Yeah let me ask you,
Are you feeling alive?

Synopsis

  • Uses event- and time-based serverless automation (e.g. AWS CodeBuild, AWS Lambda) to collect, normalize, enrich, and correlate security telemetry in Kibana
  • Leverages threat intelligence, geolocation data, open-source intelligence, machine learning (ML) backed anomaly detection and AWS APIs to further enrich security telemetry and identify potential threats
  • Leverages Random Cut Forests (RCF) and IP Insights unsupervised ML algorithms to identify anomalies in timeseries and IP-entity pair data, respectively. Serverless, container-orchestrated resources are provided to train and deploy new IP Insights endpoints at will.
  • Dynamically updates AWS WAFv2 IP Sets and Amazon GuardDuty threat intel sets to bolster protection of your account and infrastructure against known threats

Description

SyntheticSun is built around the usage of the Malware Information Sharing Platform (MISP) and Anomali’s LIMO, which are community driven threat intelligence platforms (TIPs) that provide various types of indicators of compromise (IoC). Normalized and de-duplicated threat intel is looked up against in near-real time to quickly identify known threats in various types of network traffic. To add dynamism to the identification of potential threats IP Insights models are deployed to find anoamlies (and potential threats therein) between the pairing of IP addresses and entities (such as IAM principal ID’s, user-agents, etc.), native RCF detectors are also used in Elasticsearch to find anomalies in near real-time security telemetry as it is streamed into Kibana. To democratize the usage and fine-tuning of ML models within security teams, utilities to train IP Insights models are provided as an add-on to the core solution.
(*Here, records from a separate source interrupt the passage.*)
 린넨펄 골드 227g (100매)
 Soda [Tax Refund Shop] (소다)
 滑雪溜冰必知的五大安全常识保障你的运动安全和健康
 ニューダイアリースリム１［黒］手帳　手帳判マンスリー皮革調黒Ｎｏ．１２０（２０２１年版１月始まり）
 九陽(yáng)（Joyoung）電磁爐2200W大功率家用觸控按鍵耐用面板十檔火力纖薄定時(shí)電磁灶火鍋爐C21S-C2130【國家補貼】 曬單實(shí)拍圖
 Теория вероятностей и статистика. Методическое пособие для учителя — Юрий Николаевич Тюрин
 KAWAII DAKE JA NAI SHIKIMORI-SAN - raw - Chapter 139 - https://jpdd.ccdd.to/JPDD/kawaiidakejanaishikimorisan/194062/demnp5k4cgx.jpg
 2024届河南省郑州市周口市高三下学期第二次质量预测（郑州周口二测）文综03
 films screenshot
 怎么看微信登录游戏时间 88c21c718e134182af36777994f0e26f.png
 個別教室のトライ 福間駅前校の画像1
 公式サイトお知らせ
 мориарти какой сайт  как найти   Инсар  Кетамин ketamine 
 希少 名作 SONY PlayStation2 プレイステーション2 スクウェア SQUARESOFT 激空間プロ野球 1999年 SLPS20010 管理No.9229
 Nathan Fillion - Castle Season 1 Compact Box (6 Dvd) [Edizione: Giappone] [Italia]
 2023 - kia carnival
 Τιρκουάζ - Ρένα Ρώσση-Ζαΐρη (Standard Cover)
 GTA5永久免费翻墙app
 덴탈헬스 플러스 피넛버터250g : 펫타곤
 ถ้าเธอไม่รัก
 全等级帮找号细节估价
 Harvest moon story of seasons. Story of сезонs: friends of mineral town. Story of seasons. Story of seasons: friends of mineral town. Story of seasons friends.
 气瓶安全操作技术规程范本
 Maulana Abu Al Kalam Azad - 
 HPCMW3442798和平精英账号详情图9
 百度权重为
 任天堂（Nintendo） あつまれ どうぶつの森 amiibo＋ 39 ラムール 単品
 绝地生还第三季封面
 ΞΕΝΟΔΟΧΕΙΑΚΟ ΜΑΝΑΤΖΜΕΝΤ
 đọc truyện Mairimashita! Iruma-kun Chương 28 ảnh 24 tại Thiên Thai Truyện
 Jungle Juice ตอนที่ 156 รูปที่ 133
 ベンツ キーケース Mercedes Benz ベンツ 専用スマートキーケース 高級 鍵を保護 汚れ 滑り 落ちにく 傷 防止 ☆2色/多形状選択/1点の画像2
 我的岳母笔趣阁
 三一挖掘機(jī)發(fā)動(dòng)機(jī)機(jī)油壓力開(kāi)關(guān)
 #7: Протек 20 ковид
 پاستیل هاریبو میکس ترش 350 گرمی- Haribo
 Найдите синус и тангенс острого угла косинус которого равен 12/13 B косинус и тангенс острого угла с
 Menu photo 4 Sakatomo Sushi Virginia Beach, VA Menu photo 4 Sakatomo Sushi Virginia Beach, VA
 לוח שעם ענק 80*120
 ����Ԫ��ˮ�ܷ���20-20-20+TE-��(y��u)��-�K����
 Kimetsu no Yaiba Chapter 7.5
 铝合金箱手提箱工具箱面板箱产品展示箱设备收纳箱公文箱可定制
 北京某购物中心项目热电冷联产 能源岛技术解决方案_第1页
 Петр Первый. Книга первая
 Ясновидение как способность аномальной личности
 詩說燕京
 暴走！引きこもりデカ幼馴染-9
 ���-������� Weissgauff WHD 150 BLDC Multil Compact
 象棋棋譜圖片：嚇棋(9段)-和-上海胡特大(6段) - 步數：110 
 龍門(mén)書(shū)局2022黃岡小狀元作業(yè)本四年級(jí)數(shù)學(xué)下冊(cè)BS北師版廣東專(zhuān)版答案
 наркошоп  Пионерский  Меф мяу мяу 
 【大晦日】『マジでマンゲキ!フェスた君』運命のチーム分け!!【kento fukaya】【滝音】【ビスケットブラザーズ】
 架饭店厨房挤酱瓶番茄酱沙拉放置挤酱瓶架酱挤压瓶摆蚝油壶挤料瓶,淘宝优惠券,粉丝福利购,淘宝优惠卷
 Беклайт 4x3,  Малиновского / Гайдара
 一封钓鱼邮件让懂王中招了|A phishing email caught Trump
To perform the both the orchestration and automation as well as extraction, transformation, and loading (ETL) of security telemetry into Kibana, various AWS serverless technologies such as AWS Lambda, Amazon DynamoDB, and AWS CodeBuild are used. Serverless technologies such as these are used for their scalability, ease of use, relatively cheap costs versus heavy MapReduce or Glue ETL-based solutions. A majority of the solution is deployed via CloudFormation with helper scripts in Python and shell provided throughout the various Stages to promote adoption and the potential deployment in continuous integration pipelines.

To make the “guts” of the solution as lean as possible basic Python modules such as boto3requestsjsonipaddresssocket and re perform most of the extraction, transformation, and loading (ETL) into downstream services. Because all geolocation information is provided by ip-api.com, it does not require an account or paid tiers and has a great API which includes throttling information in their response headers. A majority of the Elasticsearch and Kibana dependencies are also provided in code (indices, mappings, visualizations, etc) to avoid heavy manual configuration.

Setting Up

SyntheticSun is spread across three Stages due to the size of solution and the required dependencies. All architecture and installation instructions (and FAQs where appropriate) live within their own Stage. Add-ons modules (called an Appendix) are also provided to extend the functionality, which have their own architecture and installation instructions localized.

Before you start: Considerations for Production deployments

SyntheticSun, by virtue of being something you found on GitHub, is a proof-of-concept and therefore I did not go the extra mile for the first release to absolutely harden everything. Provided you are reading this at a point in time where I have not made the necessary changes, consider the following before you deploy this solution into a production environment (or any environment with heightened security needs). I will put these items on a roadmap and update them as appropiate.

  • Train your own IP Insights models using the examples provided in Appendix A. Using your own data, and continually retraining the model, will help accurize findings.
  • Deploy your CodeBuild projects, MISP server, and Elasticsearch Service domain in a VPC in order to harden against internet-borne attacks. Consider using AWS’ Client VPN, AWS Site-to-Site VPN, DirectConnect, Amazon Workspaces, and AppStream 2.0 or (if you absolutely have to) a reverse-proxy to access the MISP console and Kibana within a VPC.
  • Consider using Cognito for AuthN into Kibana. Go a step further and federate your User Pool with your corporate IdP.
  • Consider baking your own AMI for MISP or use Fargate to host it. I would also consider pre-baking Suricata and the Amazon CloudWatch Agent into future builds to help scale deployments of agents and HIDPS across your estate.
  • Modify your Suricata configuration to suit the needs of your SecOps teams looking at the logs, since all this solution does is dump them in. You may also consider writing your own rules or importing other sources to harden your hosts against attacks.